Since 2002, Mahajan has been the co-director of the Chemical and Molecular Engineering program and has a lab based at the Advanced Energy Research and Technology Center. He also holds a joint appointment in Stony Brook University’s Department of Materials Science and Engineering and Brookhaven National Laboratory’s Department of Sustainable Energy Technology.
Before being selected for venture, Mahajan had already developed a cooperative relationship with Tongji University’s School of Environmental Science and Engineering for sharing technologies to promote the global use of biogas. The partnership, which dates to an agreement signed at the U.S. Department of State in 2013 as part of the Fifth U.S.-China Strategic and Economy Dialog, focuses on landfill biogas control and reutilization.
Angel Liang, from Tongji University’s International Exchange & Cooperation Office, said that it was Mahajan’s research on low-carbon energy technology development and implementation that caused Tongji University’s recruitment of him.

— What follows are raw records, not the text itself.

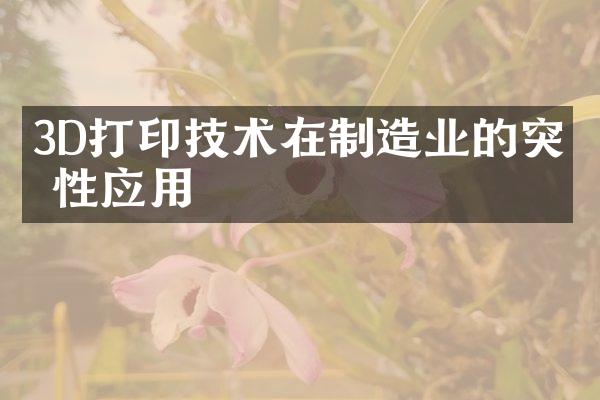 3D打印技术在制造业的突破性应用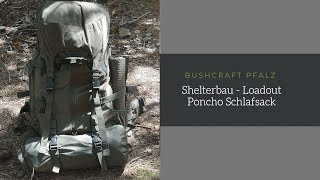 Ein Tag im Wald - Shelter - Loadout & Poncho Notschlafsack
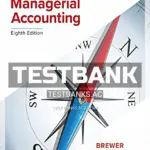 Test Bank for Introduction to Managerial Accounting 8th Edition by Brewer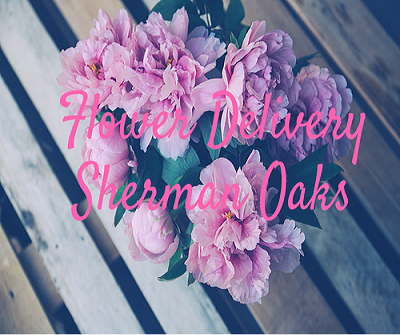Flower Delivery Sherman Oaks Flower Delivery Sherman Oaks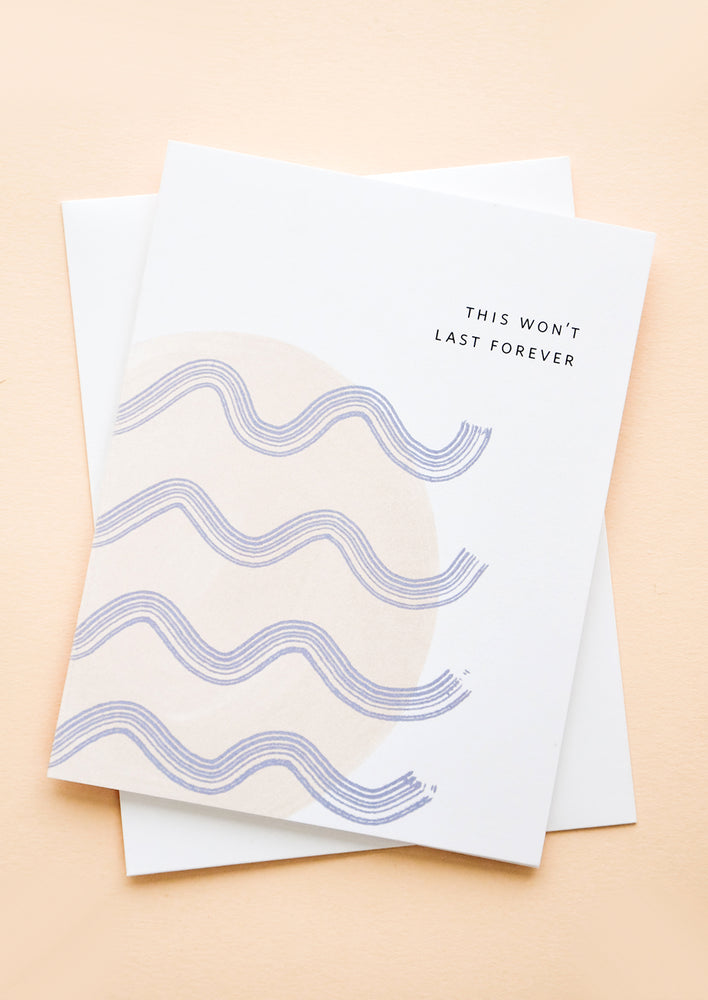 1: Greeting card with abstract wave pattern and small text reads "This Won't Last Forever".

“Fugitive gases from landfills and other natural systems are of major concern to both China and the United States. As the State Key Laboratory for Pollution Control, Tongji University is keen on finding ways to control and utilize these greenhouse gases,” Liang said. “During Dr. Mahajan’s association with Tongji, we will benefit from his deep expertise in this area and work with him to establish a joint Energy and Environment center with focus on fugitive gases.”
The selection of Mahajan was part of China’s recruitment program for high-end foreign experts, which aims at foreign specialists who come to work in China for a short time. The experts are usually nominated by the president of a Chinese university. Then a selection committee in Beijing would evaluate the applicants.
The goal of this program, according to China’s State Administration of Foreign Experts Affairs, is to recruit scientists, experts and international innovative teams that are able to achieve technology breakthroughs, advance the high-tech industries and promote new disciplines.
“China is also very interested in setting up a center for monitoring, control, and utilization of fugitive gases,” Mahajan said. “I will interact with multiple institutions in both the United States and China to facilitate setting up this center.”